Biensûr. L’Europe doit être au leadership de toutes ces évolutions de société extrêmement importantes.
Tout d’abord, parce qu’il en va de la compétitivité de l’Europe dans le monde. Deuxièmement, parce que l’Europe défend des valeurs d’égalité des citoyens. Et enfin, si l’on regarde ce qui se passe ailleurs dans le monde, nous voyons qu’un pays comme le Japon, pour sortir de la crise économique qu’il a traversé, s’est appuyé sur qui ? Sur les femmes.
D’autres études, des études américaines par exemple, montrent que des entreprises où la mixité est forte, ou où les femmes sont au Board résistent mieux à la crise économique que les autres.
Donc oui, oui, oui, vive l’entrepreneuriat féminin !
Vous êtes Rapporteur Permanent sur le Fonds Social Européen. Est-ce que l’insertion professionnelle des femmes et l’entrepreneuriat féminin sont particulièrement soutenus par le FSE ?
Absolument. Quels sont ses publics cibles du FSE?
En premier lieu, ce sont les jeunes, mais particulièrement les jeunes femmes. En effet, une jeune femme à compétence égale, à diplôme égal et à poste égal, met 6 mois de plus à rentrer dans l’emploi qu’un jeune homme et elle va y rentrer avec un salaire inférieur de 16%.

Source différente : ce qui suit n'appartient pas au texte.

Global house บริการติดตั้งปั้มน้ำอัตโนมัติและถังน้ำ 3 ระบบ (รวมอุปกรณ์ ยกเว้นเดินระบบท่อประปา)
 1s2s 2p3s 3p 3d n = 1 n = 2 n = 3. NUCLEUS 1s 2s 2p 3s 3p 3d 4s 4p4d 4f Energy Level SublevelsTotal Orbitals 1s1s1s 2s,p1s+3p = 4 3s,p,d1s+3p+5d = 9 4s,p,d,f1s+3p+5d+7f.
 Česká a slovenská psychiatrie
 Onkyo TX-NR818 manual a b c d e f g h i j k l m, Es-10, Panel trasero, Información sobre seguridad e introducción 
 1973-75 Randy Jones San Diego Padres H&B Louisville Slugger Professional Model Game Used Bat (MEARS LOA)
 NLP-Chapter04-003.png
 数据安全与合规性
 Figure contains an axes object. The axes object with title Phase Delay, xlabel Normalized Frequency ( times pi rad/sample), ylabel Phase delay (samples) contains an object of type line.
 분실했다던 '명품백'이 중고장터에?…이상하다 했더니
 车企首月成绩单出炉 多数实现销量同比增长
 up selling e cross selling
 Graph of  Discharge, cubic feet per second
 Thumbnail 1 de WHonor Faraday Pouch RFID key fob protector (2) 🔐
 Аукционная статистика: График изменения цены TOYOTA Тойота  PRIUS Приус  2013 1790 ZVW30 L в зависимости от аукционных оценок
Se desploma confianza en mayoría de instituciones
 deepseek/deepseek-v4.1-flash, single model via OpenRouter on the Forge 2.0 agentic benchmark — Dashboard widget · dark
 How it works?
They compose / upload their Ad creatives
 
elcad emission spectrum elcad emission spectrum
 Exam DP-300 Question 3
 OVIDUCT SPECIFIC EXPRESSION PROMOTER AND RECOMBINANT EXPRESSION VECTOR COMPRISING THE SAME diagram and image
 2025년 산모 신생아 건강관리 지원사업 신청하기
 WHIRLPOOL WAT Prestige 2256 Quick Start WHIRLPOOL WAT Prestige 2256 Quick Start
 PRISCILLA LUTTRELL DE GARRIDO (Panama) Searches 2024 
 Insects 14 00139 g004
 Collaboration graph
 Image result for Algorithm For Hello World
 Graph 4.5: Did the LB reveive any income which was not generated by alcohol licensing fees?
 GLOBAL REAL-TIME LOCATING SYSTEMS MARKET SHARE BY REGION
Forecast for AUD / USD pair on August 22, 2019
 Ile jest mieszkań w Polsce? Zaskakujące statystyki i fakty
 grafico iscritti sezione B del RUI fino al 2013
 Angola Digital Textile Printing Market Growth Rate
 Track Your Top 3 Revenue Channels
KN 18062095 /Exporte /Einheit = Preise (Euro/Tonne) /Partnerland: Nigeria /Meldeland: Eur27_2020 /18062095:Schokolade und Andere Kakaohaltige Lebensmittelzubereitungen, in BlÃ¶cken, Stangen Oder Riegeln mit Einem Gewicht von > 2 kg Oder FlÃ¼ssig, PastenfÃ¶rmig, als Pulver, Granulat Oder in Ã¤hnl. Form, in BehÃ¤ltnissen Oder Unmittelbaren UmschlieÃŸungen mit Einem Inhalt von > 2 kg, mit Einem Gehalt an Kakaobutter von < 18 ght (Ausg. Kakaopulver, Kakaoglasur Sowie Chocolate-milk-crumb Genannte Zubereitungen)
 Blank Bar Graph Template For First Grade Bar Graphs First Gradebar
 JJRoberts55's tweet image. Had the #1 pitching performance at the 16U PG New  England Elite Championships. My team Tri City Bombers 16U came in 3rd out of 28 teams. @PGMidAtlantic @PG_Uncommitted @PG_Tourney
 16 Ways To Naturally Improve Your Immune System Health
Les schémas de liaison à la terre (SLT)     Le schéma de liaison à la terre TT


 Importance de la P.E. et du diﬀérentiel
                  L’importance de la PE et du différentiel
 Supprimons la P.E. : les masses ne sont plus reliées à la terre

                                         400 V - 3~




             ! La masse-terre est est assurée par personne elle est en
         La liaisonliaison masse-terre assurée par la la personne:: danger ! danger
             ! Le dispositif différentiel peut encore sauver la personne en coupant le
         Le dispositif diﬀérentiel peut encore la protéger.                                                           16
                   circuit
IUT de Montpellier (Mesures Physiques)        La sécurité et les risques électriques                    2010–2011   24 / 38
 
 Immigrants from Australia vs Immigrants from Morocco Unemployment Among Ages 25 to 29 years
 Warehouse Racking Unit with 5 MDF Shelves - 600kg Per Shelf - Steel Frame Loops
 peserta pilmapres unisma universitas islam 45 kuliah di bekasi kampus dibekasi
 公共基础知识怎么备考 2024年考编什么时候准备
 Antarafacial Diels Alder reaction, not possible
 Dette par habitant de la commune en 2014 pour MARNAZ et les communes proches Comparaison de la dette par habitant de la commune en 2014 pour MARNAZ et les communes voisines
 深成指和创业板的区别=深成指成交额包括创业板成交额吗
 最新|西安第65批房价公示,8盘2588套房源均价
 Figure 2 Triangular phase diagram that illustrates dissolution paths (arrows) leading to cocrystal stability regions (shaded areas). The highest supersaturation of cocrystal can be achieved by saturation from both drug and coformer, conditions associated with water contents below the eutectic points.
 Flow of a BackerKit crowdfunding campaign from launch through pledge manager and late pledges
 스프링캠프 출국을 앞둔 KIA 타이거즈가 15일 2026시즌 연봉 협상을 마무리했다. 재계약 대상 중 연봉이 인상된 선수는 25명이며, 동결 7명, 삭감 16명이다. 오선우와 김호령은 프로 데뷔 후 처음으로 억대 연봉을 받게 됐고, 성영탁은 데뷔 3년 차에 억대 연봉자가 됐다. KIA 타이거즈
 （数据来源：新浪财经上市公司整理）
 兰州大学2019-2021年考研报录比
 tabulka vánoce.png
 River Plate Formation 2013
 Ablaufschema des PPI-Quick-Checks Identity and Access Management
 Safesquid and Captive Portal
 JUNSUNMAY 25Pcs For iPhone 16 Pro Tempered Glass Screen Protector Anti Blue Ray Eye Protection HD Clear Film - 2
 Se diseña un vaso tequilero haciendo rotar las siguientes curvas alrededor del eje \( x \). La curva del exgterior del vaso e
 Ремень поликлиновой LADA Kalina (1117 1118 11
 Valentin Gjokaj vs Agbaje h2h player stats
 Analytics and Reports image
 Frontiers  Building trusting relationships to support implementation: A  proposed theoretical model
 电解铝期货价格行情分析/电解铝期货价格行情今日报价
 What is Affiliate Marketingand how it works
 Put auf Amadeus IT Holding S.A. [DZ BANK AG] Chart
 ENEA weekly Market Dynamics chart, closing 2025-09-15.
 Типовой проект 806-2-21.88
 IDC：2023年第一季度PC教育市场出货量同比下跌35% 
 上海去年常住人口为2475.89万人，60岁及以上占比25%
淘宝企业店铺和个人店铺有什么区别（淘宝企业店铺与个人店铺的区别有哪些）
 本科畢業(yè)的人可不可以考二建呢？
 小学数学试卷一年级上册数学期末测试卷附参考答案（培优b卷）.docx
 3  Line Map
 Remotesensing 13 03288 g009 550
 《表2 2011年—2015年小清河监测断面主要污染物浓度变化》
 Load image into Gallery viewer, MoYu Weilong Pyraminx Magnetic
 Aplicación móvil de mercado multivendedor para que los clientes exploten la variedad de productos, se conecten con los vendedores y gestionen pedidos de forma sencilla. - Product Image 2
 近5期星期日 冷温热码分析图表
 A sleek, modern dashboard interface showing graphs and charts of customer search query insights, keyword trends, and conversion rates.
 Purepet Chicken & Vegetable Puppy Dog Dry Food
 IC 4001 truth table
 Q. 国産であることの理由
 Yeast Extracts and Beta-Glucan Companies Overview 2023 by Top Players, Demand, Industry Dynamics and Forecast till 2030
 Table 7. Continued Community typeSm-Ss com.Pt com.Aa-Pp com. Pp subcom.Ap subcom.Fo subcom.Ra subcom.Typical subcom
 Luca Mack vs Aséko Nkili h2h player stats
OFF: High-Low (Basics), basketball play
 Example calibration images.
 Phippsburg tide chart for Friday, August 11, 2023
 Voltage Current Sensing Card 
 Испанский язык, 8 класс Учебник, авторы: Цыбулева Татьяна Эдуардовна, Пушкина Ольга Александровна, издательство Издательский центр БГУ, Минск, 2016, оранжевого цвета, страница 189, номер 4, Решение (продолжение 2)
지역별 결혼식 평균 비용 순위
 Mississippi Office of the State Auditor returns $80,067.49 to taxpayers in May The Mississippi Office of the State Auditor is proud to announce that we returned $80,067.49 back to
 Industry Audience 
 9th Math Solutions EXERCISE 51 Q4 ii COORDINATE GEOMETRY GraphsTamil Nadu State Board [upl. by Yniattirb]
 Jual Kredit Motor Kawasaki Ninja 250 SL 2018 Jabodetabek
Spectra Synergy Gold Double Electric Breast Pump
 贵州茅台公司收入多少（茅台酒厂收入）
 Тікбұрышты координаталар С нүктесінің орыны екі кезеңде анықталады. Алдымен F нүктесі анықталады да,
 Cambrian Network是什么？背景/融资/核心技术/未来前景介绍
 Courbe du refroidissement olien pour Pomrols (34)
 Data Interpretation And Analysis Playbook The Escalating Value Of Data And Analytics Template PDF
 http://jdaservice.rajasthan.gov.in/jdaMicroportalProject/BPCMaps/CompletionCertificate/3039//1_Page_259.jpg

Le deuxième public cible, ce sont les femmes qui ont été extrêmement fragilisées par la crise économique. D’une part, parce qu’elles étaient prioritairement dans des temps partiels et des temps précaires, contrats qui ont été les plus supprimés. D’autre part, parce que les femmes sont plus nombreuses dans les emplois publics et qu’elles ont donc été victimes des politiques publiques.
Il faut donc que les femmes se libèrent de ce plafond de verre. Parce que si elles ne se libèrent pas, notamment dans l’entrepreneuriat, elles vont vers des filières, sur des statuts, vers des emplois qui ne leur garantissent pas la carrière qu’elles méritent.
Est-ce difficile d’être une Députée Européenne femme ?
Ma réponse est non ! Nous sommes dans ce Parlement Européen tellement nombreux, de cultures mélangées avec 28 Etats Membres et 23 langues, que la culture de l’autre et le respect de l’autre sont déjà dans nos gènes.
De plus, au niveau du Parlement Européen, aucun groupe politique n’a la majorité absolue. Il faut donc toujours aller écouter l’autre et trouver avec un autre groupe politique, un autre député, le point de consensus. Il faut écouter, respecter. Je trouve que c’est très bien. C’est une très bonne base pour l’égalité homme-femme.
Enfin, je suis très fière de travailler dans un Parlement où nous sommes presque 40% de femmes ! Les politiques nationales devraient s’en inspirer car on arrive à 40% alors qu’il n’y a pas de lois de la parité ou de quotas dans tous les pays.
C’est un Parlement où l’on respecte les différences et en particulier l’égalité homme -femme.